STA2201s01 Assignment One

To be handed in by 10:15 am, Thursday September 18


The file cars.dat has three variables, country of origin (1=USA, 2=Japan, 3=Other), fuel efficiency in miles per gallon, and weight in pounds. Your client gives you these data, and asks three questions.

  1. Is there a straight-line relationship between weight of car and fuel efficiency?
  2. Once you control for weight of car (possibly including a quadratic term), is fuel efficiency related to country of origin?
  3. Does the relationship between weight and fuel efficiency depend on country of origin?

The purpose of this assignment is mostly to ensure that you know the basics of multiple regression with normal error terms, and that you know how to do it with the S language -- not to put your data analytic skill to a serious test. Therefore, I will tell you what to do.
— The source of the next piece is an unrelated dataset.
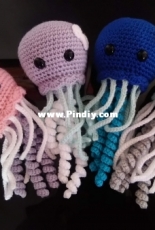 jellyfish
First, it should be obvious that the dependent variable is fuel efficiency.

  1. To answer question one, you might fit a reduced model with just weight, and compare it (with an F-test) to a model that includes a quadratic term . You could also fit just one model and look at a t-test (what one model am I talking about?).
  2. For question two, the reduced model will depend on the results of the first analysis. The full model will also have dummy variables for country of origin.
  3. In question three, we are asking about an interaction; are the curves parallel?
  4. Finally, is there anything odd going on here? Did you have to make any semi-arbitrary decisions in order to get the job done properly? Hint: you are not a robot. Don't just do what you are told and nothing else.

Here is what you hand in.

  1. Brief answers to the client's three questions, in language a non-statistician might understand. You will base conclusions only on hypothesis tests in which the null hypothesis is rejected at alpha = 0.05, but you will avoid formal statistical terminology at all costs. I am serious about this. I will deduct marks for the use of statistical terms that a History professor would not understand.
  2. Answer to the fourth question.
  3. Printout or printouts that show both your S commands and the output. Circle and label the three p-values that support your answers to the client's three questions.